It has been found that, contrary to the brief in the literature, addition of CsCl to the lysate should be avoided in order to achieve the most complete separation of mRWA in the next reaction step. At the end of the centrifugation, the polyalliter tubes were frozen in liquid nitrogen and the bottom of the tubes containing the RWA precipitate were cut off.

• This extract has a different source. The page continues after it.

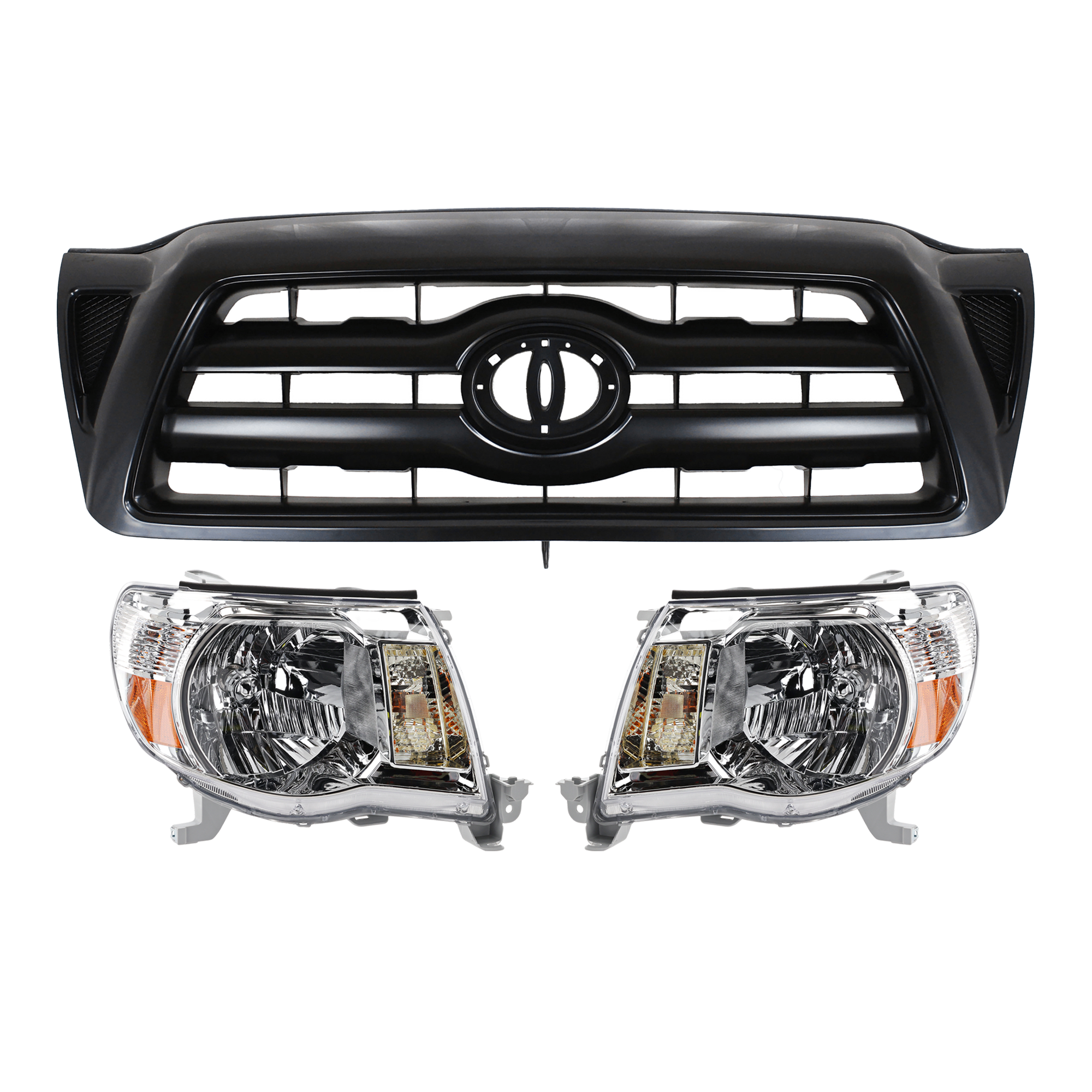 AM TACOMA 05-10 HEAD LAMP RH AND LH 3 pc Kit with Grille Assembly SKU KIT 072924 C3151 Partslink TO2502157 TO2503157 TO1200279 OEM 8111004163-8115004163-53100043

The precipitate was taken up in a solution of 10 mM tris, 10 mM EDTA and 10% "sarcosyl" (W-lauryl-sarcosine sodium salt) with pH 7.6 and the suspension was centrifuged at 20,000 rpm for 20 minutes. The resulting precipitate was taken up again in the same buffer, heated at 6> 5 ° C for 5 minutes and centrifuged again. The combined supernatants were made 0.3 M of sodium acetate, mixed with the 2.5-fold volume of ethanol and stored at -20 ° C.

2. Extraction of mRITA

The RITA was separated from the ethanol solution (20,000 rpm, 30 minutes, -5 ° C) by centrifugation and dissolved in 0.5 M NaCl, 10 mM tris, pH 7.5. This solution was applied to an oligo-dT cellulose column 35 (Collaborative Research, type 3) equilibrated with the same buffer, and was distilled with 1 mM tris, pH 7.6 or distilled with 1 mM water eluted. The elution of the poly-A-containing RITA (mRNA) can be monitored by an extinction measurement at 260 nm. The mRNA thus obtained was endowed with sodium acetate to a final concentration of 0.3 M, the 2.5-fold volume of ethanol and the solution is stored at ^ 20 ° C.

3. Extraction of the cDKA

a} Single stranded cDNA recovery

The conversion of the mRNA into the corresponding DM (cDM) 10 takes place with the aid of the enzyme reverse transcriptase.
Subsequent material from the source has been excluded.